In this paper, we study the strategy-proofness properties of the randomized Condorcet voting system (RCVS). Discovered at several occasions independently, the RCVS is arguably the natural extension of the Condorcet method to cases where a deterministic Condorcet winner does not exists. Indeed, it selects the always-existing and essentially unique Condorcet winner of lotteries over alternatives. Our main result is that, in a certain class of voting systems based on pairwise comparisons of alternatives, the RCVS is the only one to be Condorcet-proof. By Condorcet-proof, we mean that, when a Condorcet winner exists, it must be selected and no voter has incentives to misreport his preferences. We also prove two theorems about group-strategy-proofness. On one hand, we prove that there is no group-strategy-proof voting system that always selects existing Condorcet winners.

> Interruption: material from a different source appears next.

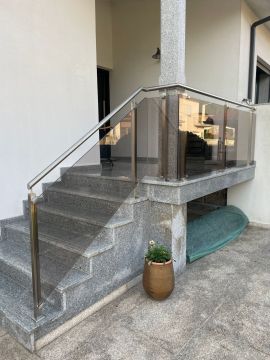 Maniferro - Vila Nova de Famalicão - Serralharia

On the other hand, we prove that, when preferences have a one-dimensional structure, the RCVS is group-strategy-proof.

Date issued

2017-02

URI

http://hdl.handle.net/1721.1/107673

Department

Massachusetts Institute of Technology. Department of Electrical Engineering and Computer Science
Massachusetts Institute of Technology. Laboratory for Information and Decision Systems

Journal

Social Choice and Welfare

Publisher

Springer Berlin Heidelberg

Citation

Hoang, Lê Nguyên. “Strategy-Proofness of the Randomized Condorcet Voting System.” Social Choice and Welfare 48, no. 3 (February 13, 2017): 679–701.

Version: Author's final manuscript

ISSN

0176-1714

1432-217X